Let’s call this the “Wrong to inflict suffering on others for pleasure principle” (henceforth WISOFPP; pronounced wiz-awf-Puh!!). Although I don’t think we should doubt WISOFPP, that doesn’t mean we cannot think critically about it. Certainly we should do that.
Ernest Sosa makes an important distinction between what he calls “animal knowledge” and “reflective knowledge”. (I’m working on memory as to how Sosa uses these terms. I could be off a bit. But so far as I can remember this is how he draws the distinctions. If I’m wrong, then this is how I’m drawing the distinctions.) So-called animal knowledge is a result of the immediate deliverances of our senses. It doesn’t involve any critical reflection. It is just there. I would propose that WISOFPP is this type of knowledge. We intuitively know WISOFPP.
Because we know WISOFPP, and because it is among the most secure things we know, a properly functioning human being will not set out to doubt WISOFPP.
But a properly functioning human being can reflect on how s/he knows WISOFPP. That is a wholly legitimate and important enterprise. And doing it can help us reclaim WISOFPP at a deeper level, thereby adding a reflective dimension to this immediately known “animal knowledge”.

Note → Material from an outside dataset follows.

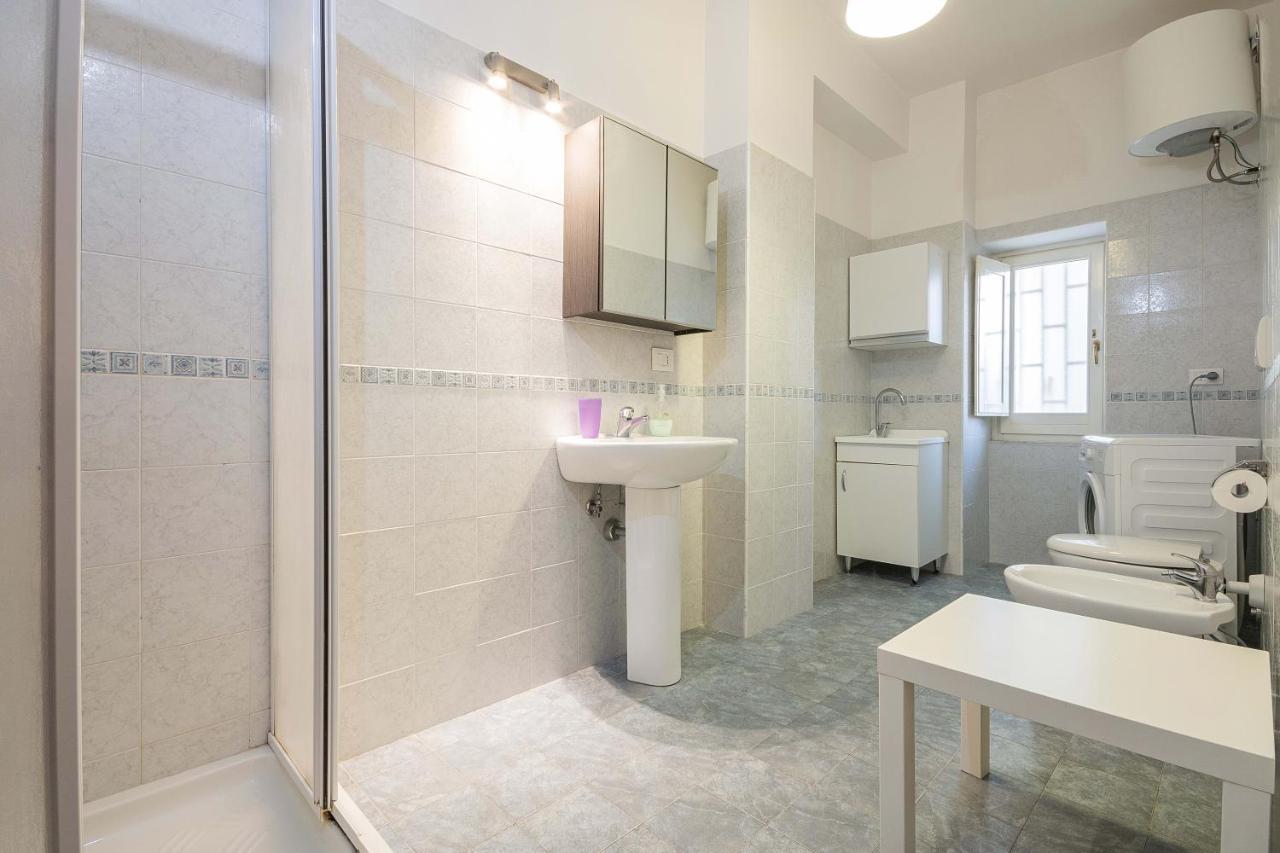 Nuovo Appartamento Beige Bari Exterior foto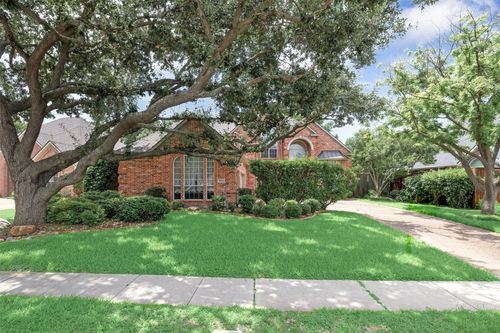 4556 Pebble Brook Ln, Plano, TX, 75093-7215 | Card Image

So while it is good to seek to know how we know WISOFPP it is not good to doubt that we know WISOFPP.
Of course, it is also possible that a person may find themselves doubting WISOFPP. If they do it may be because they are not functioning properly. Or it may be because they got the short end of the stick in Philosophy 101. Regardless, I would appreciate them letting me know that they doubt WISOFPP, especially if they happen to (a) move in next door, (b) offer to babysit or dog sit or (c) are candidating for the role of pastor at my church.
Tim said “until I ask I do not know.” In light of what I said you might be able to see this is partially true. Prior to critical reflection I do know in one way, but when I ask how I know I can then come to know in an additional reflective way.